Artificial intelligent assistant

entoil

entoil, v. arch.
  (ɛnˈtɔɪl)
  Also 6–7 entoyle, 7 intoyl.
  [f. en-1 + toil n.2]
  trans. To bring into toils or snares; to entrap, ensnare. Chiefly fig.

1621 G. Sandys Ovid's Met. v. 104 None more The chace affected, or t'intoyle the Bore. 1875 Browning Inn Album 11 You entoil my legs, And welcome, for I like it.
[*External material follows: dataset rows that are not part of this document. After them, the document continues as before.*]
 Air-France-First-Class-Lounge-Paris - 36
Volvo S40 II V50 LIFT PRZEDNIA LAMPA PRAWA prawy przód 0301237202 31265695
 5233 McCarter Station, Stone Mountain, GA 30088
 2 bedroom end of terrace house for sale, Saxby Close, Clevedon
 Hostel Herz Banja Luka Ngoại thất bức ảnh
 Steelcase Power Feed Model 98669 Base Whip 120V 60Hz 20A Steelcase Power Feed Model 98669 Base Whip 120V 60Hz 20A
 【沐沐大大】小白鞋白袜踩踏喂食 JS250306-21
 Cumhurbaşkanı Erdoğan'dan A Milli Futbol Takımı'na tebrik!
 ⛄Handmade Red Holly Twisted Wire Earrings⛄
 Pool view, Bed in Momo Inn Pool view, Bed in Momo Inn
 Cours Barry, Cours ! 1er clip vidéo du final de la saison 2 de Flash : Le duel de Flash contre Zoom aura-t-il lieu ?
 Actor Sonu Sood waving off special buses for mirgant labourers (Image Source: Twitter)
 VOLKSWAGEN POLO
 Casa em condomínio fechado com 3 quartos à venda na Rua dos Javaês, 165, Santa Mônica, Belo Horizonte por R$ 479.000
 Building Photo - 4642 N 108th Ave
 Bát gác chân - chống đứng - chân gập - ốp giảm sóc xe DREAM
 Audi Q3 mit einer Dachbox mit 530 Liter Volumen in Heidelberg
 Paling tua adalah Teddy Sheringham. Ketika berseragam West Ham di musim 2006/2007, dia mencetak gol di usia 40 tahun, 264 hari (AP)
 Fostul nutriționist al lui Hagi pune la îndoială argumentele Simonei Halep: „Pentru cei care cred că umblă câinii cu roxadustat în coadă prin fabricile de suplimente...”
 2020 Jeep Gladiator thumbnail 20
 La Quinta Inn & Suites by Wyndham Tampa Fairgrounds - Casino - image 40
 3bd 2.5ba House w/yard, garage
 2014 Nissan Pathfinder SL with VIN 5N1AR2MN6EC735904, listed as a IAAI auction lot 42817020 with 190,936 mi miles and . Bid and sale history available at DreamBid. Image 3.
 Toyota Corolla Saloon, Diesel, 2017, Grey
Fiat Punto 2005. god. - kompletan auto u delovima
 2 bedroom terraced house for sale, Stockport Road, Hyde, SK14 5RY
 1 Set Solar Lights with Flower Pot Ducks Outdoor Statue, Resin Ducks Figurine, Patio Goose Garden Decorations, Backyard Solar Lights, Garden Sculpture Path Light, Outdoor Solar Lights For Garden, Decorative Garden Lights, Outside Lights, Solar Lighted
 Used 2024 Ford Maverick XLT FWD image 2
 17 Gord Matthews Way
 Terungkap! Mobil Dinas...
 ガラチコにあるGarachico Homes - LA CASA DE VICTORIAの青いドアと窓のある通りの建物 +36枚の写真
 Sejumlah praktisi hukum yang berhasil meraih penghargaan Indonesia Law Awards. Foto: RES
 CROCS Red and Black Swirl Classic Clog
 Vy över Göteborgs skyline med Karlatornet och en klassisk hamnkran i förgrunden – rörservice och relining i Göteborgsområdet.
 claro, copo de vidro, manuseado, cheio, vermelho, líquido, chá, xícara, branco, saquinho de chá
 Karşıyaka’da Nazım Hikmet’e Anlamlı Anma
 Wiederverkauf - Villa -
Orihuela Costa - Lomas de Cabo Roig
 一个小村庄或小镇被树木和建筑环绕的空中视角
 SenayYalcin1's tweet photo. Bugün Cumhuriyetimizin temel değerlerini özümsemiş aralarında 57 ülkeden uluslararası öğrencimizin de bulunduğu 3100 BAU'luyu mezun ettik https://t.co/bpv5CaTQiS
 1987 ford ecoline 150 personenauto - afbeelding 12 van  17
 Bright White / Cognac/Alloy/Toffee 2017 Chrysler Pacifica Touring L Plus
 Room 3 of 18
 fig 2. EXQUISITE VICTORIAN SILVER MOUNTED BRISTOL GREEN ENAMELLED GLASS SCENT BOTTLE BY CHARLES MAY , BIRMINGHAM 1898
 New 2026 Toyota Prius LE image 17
fig. 1581 W. Clarke in Confer. iv. (1584) Ff iij b, Thus you are entoyled. 1590 Barrow & Greenwood in Confer. 46 The furder and more you striue against the truth, the furder and faster you entoyle your self. a 1626 Bacon New Atl. (1650) 13 Entoyled both their Navy, and their Campe, with a greater Power than theirs, both by Sea and Land. 1652 Benlowes Theoph. xi. lxxix, Nere in the net of Slothfulnesse entoyl'd. 1820 Keats St. Agnes xxxii, So mused awhile, entoyled in woofed fantasies. 1879 Browning Ned Bratts 43 Mounting until its mesh Entoiled all heads in a fluster.

  Hence enˈtoilment rare, the action of entoiling; the state of being entoiled.

1855 Browning Men & Women ii. Before, In torture and entoilment.